There is no specific library from Google that supports these JSON formats, but they are fairly straightforward if you want to implement it yourself. There have also been python libraries worked on by the community, but I don't know enough about them to advise which are the best ones right now or which ones work with the current protocol.

Action SDK

Sometimes this is called the Conversation API or SDK in the documentation, although usually they call it the Action SDK these days.

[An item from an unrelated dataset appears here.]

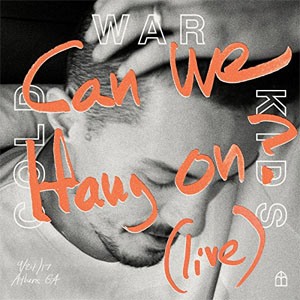 Álbum Can We Hang On? (Live) de Cold War Kids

This is similar to how Dialogflow works (in fact, Dialogflow uses it), but differs that there is no NLP system that can determine the user's Intent from their speech:

  • Users still invoke the Action with a phrase such as "Hey Google, talk to Shakespearean Insult"
  • This invocation, and every step after, is converted from speech into text by the Assistant
  • The difference, however, is that this text is sent directly to your webhook, along with some other metadata in the conversation request format JSON
  • It is up to you to send it to an NLP/NLU system to get understanding from what the user has done.
    • You may think you can do this with regexps. You can't. But there are many other good NLP/NLU libraries out there that work with python.
  • Your webhook will send a response using JSON which the Assistant will send to the user.

Again, there is no specific Google supported python library to handle this, but there may be community developed libraries that can do so.

Unless you have a very good reason for using the more raw Action SDK (such as existing components that already are using an existing NLP/NLU system), you should probably use Dialogflow.